## [Your instructions]
Reproduce only what runs from the line containing "Atletico Madrid Edge" to the line containing "Photos: First Look" in the records below, inclusive. Keep it exact, and keep the pictures out.

## [Material supplied]

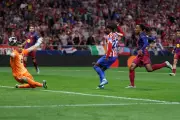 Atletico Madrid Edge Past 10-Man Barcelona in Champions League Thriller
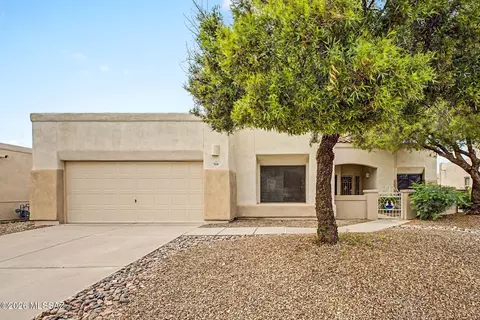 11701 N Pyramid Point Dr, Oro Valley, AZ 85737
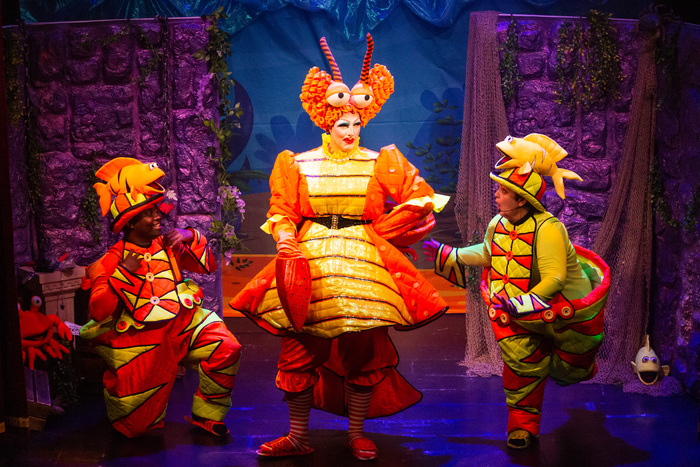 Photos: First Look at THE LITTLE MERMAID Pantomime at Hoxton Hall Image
* * *
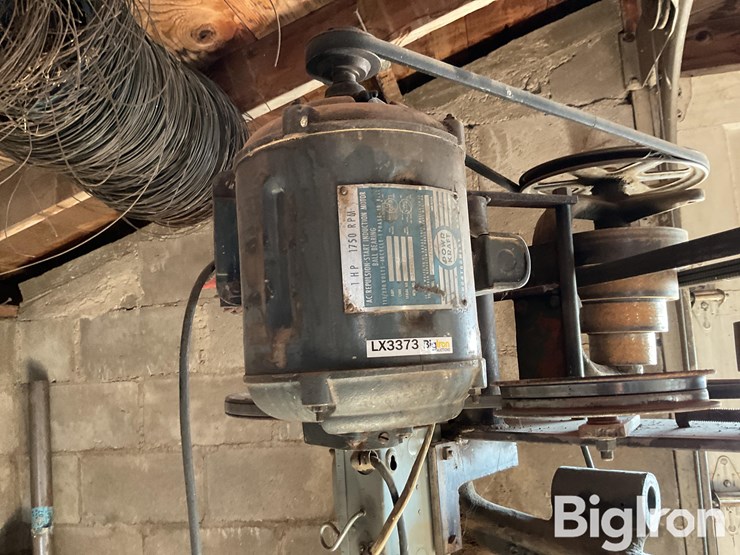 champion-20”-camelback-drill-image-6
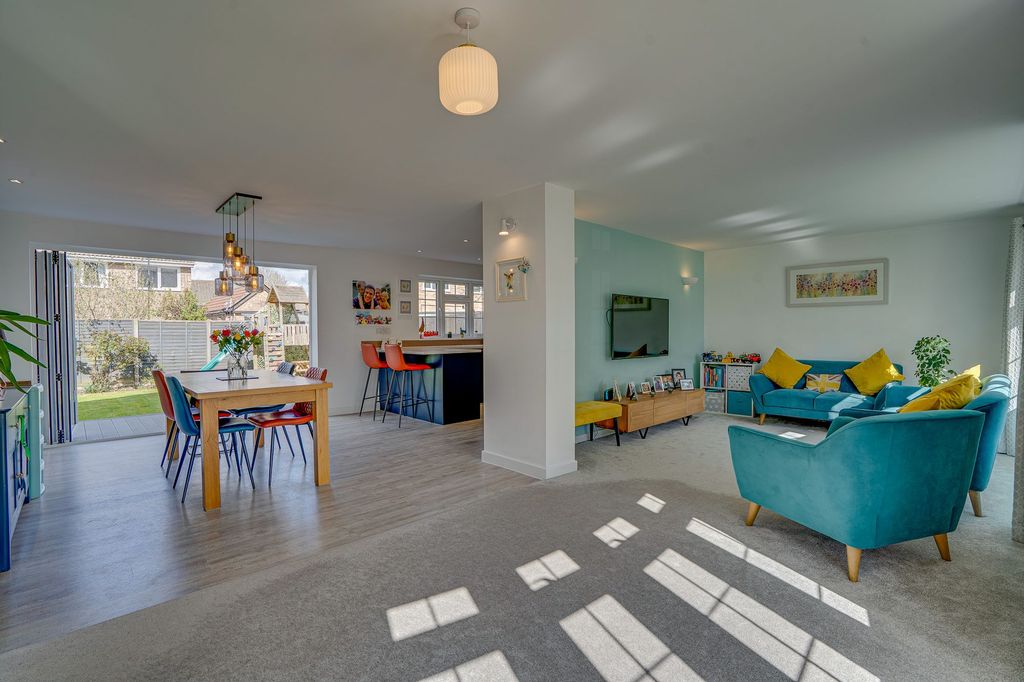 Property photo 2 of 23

## [Exercise solution]
 Atletico Madrid Edge Past 10-Man Barcelona in Champions League Thriller
 11701 N Pyramid Point Dr, Oro Valley, AZ 85737
 Photos: First Look at THE LITTLE MERMAID Pantomime at Hoxton Hall Image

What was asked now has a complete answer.